Some LP Formulations
(and their Sage code)

Independent Set
Maximum set of pairwise non-adjacent vertices in a graph
p = MixedIntegerLinearProgram(maximization = True)
b = p.new_variable(binary = True)
p.set_objective( sum([b[v] for v in g]) )

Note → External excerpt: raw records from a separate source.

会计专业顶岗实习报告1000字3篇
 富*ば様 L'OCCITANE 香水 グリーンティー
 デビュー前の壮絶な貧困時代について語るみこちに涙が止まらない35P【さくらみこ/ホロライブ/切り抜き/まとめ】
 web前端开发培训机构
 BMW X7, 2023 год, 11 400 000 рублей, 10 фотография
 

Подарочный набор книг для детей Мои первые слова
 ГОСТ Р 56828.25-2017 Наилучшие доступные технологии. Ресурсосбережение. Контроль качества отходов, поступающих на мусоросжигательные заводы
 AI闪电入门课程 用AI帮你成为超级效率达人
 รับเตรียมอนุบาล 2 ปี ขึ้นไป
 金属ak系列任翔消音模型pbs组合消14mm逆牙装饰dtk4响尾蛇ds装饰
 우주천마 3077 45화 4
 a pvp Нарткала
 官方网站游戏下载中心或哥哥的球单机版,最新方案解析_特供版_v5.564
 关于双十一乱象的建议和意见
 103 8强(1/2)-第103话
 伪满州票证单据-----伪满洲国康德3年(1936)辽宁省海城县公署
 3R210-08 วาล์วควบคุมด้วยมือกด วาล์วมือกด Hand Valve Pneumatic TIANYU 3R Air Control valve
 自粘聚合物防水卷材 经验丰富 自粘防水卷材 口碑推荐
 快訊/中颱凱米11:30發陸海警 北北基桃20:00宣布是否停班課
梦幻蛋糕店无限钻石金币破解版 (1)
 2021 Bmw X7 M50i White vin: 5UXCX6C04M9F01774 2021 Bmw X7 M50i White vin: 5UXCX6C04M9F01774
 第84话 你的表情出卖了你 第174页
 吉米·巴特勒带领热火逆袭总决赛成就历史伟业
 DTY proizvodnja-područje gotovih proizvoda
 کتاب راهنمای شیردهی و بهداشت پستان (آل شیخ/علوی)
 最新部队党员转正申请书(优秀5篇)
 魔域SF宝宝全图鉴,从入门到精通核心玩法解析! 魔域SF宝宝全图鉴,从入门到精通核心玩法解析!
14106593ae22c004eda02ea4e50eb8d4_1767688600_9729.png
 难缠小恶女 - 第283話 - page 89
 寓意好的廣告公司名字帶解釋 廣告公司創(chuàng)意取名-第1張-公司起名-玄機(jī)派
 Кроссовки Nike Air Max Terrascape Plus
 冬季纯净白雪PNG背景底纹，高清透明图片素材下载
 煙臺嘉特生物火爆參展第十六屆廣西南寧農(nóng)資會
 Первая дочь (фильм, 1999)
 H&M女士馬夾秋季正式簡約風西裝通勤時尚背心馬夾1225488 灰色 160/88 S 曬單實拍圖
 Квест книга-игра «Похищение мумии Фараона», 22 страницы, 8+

for u,v in g.edges(labels = False):
    p.add_constraint( b[u] + b[v] <= 1 )

p.solve()
b = p.get_values(b)
print [v for v,i in b.items() if i]
Dominating Set
Minimum set of vertices whose neighborhood is the whole graph
p = MixedIntegerLinearProgram(maximization = False)
b = p.new_variable(binary = True)
p.set_objective( sum([b[v] for v in g]) )

for u in g:
    p.add_constraint( b[u] + sum([b[v] for v in g.neighbors(u)]) >= 1 )

p.solve()
b = p.get_values(b)
print [v for v,i in b.items() if i]
Vertex Cover
Minimum Set of vertices touching each edge
p = MixedIntegerLinearProgram(maximization = False)
b = p.new_variable(binary = True)
p.set_objective( sum([b[v] for v in g]) )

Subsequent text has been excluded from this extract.